By Chini Sinha
Elasticsearch developers who want to fuzzy search names across multiple fields and cover the spectrum of name variations (sometimes two or more in a single name), know how difficult and frustratingly complex setting up fuzzy name matching can be. Until now, the solution has not been completely satisfactory, comprehensive, nor clean, but that’s all changed.
The Babel Street Rosette name matching integration for Elasticsearch solves the fuzzy name matching issue.
Fuzzy Name Search Issues in Elasticsearch
Elasticsearch can be configured to provide some fuzziness by mixing its built-in edit-distance matching and phonetic analysis with more generic analyzers and filters. However, this approach requires a complex query against multiple fields, and recall is completely determined by Soundex/metaphone (phonetic similarity) and Lucene edit distance1. As for precision, it is difficult to guarantee that the best results will be at the top. Lucene document scores are 32-bit digits, and while higher scores indicate better matches, the scores are not along a consistent continuum (such as 0 to 100), making it impossible to establish match thresholds, to confidently know that “scores above 80” are of a particular match confidence. Additionally, other types of variations (e.g., swapped name order) are taken into account in calculating the similarity.

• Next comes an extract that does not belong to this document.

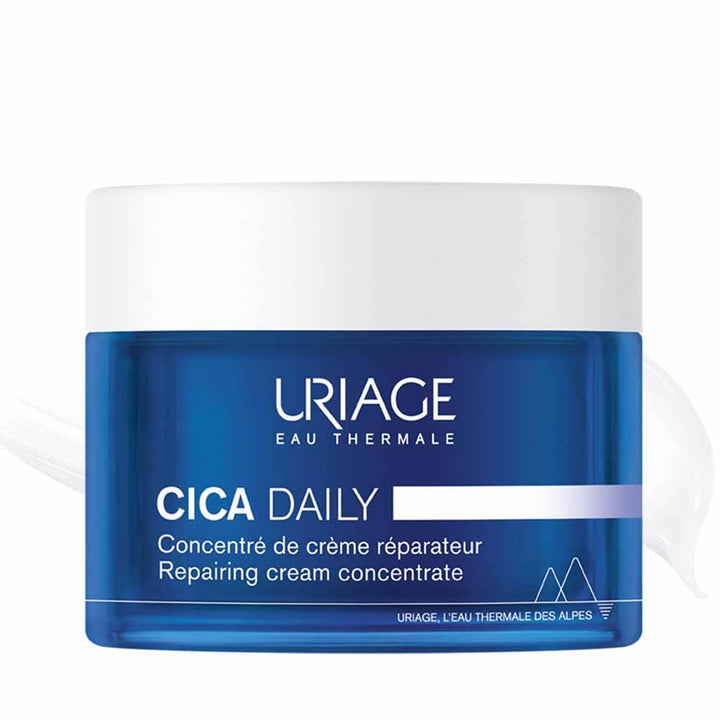 Uriage CICA Daily Repairing Cream Concentrate 50ml (1.7floz)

Best-practice for fuzzy name matching using just Elasticsearch “out of the box” is a multi_field type with a separate created field for each type of name variation:
"mappings": { ... "type": "multi_field", "fields": { "pty_surename": { "type": "string", "analyzer": "simple" }, "metaphone": { "type": "string", "analyzer": "metaphone" }, "porter": { "type": "string", "analyzer": "porter" } ...

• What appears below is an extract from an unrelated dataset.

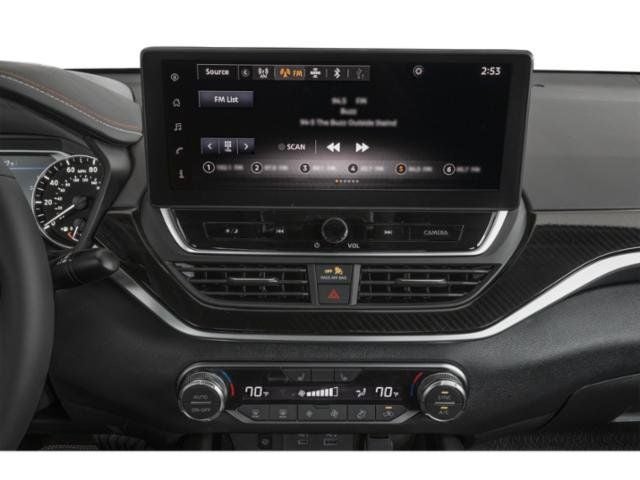 2026 Nissan Altima 2.5 SR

However, this name matching approach has trouble matching names when there is more than one type of spelling variation involved in the comparison.
“Ignacio Alfonso Lopez Diaz” v. “LobEzDiaS, Nacho”

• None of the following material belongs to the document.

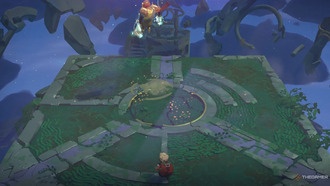 Как победить Сенду в Moonlighter 2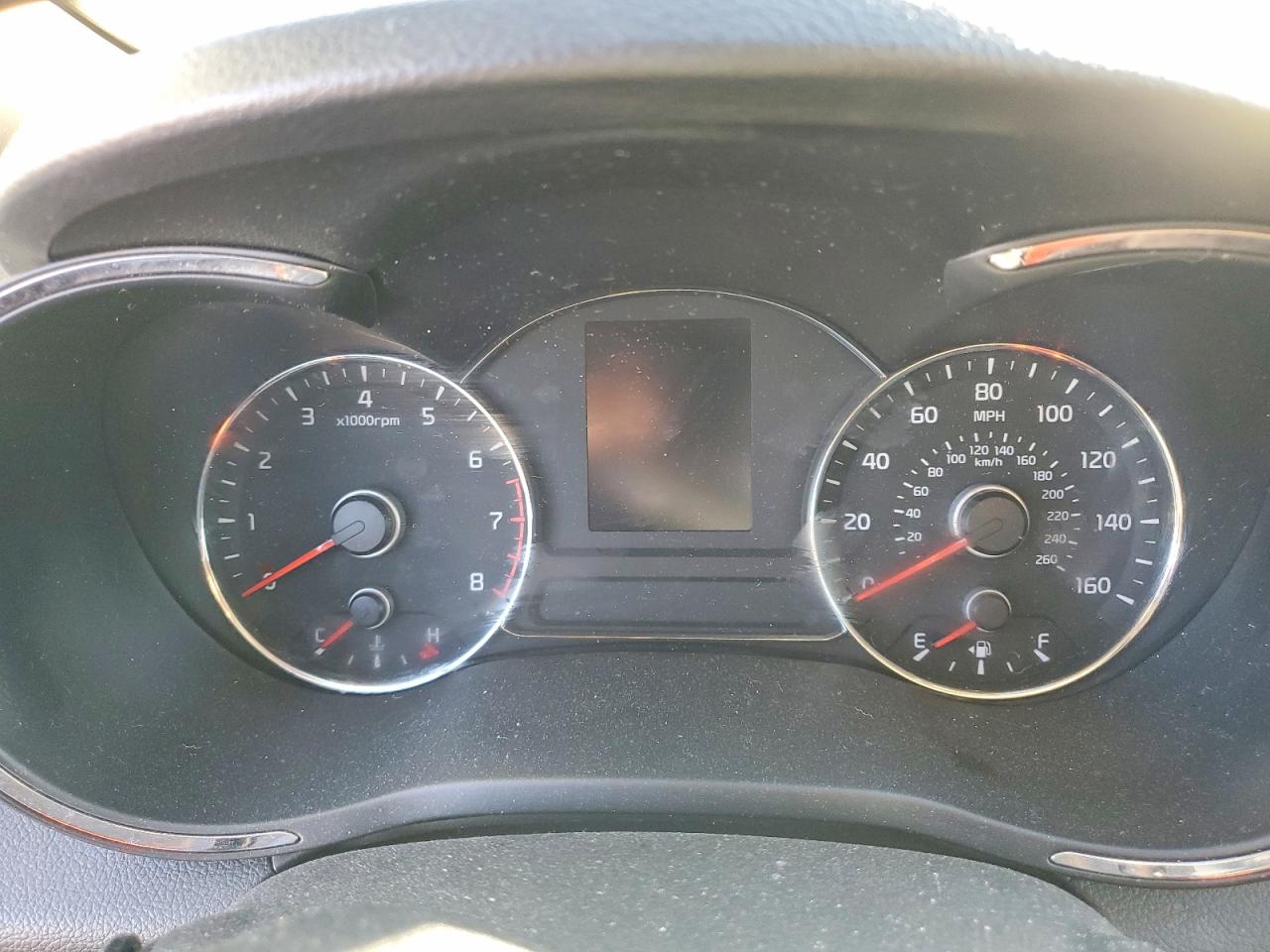 2018 KIA FORTE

The above pair of names differ by differently ordered name components, a missing initial, two spelling differences, a nickname for the first name and a missing space.
And, for developers that want a name field type that also:
- Contributes a score specific to name matching phenomena
- Is part of queries using many field types
- Has multiple fields per document
- Has multiple values per field
…then Rosette Name Indexer is the way to go.
HOW ROSETTE WORKS INSIDE ELASTICSEARCH
The Rosette integration is through the Elasticsearch plugin mechanism. It contains a custom mapper which does all the complex matching for many types of name phenomena behind the scenes.
PUT /test/_mapping { "properties" : { "name" : { "type:" : "rni_name" } "aka" : { "type:" : "rni_name" } } }
At index time:
The Rosette integration indexes keys for different phenomena (types of name variations) in separate (sub) fields/
At query time:
Rosette generates analogous keys for a custom Lucene query that finds good candidates for re-ranking.
POST /test/_search { "query" : { "match" : { "name" : "primary_name" : "{\"data\" : \"LobEzDiaS, Chuy\", \"entityType\" : \"PERSON\"}" } }, "rescore" : { "window_size" : 200, "query" : { "rescore_query" : { "function_score" : { "name_score" : { "field" : "name", "query_name" : "LobEzDiaS, Chuy" } } }, "query_weight" : 0.0, "rescore_query_weight" : 1.0 } } }
The name_score function matches the query name against the indexed name in every candidate document and returns the similarity score which is on a consistent continuum of match confidence from 0 to 1.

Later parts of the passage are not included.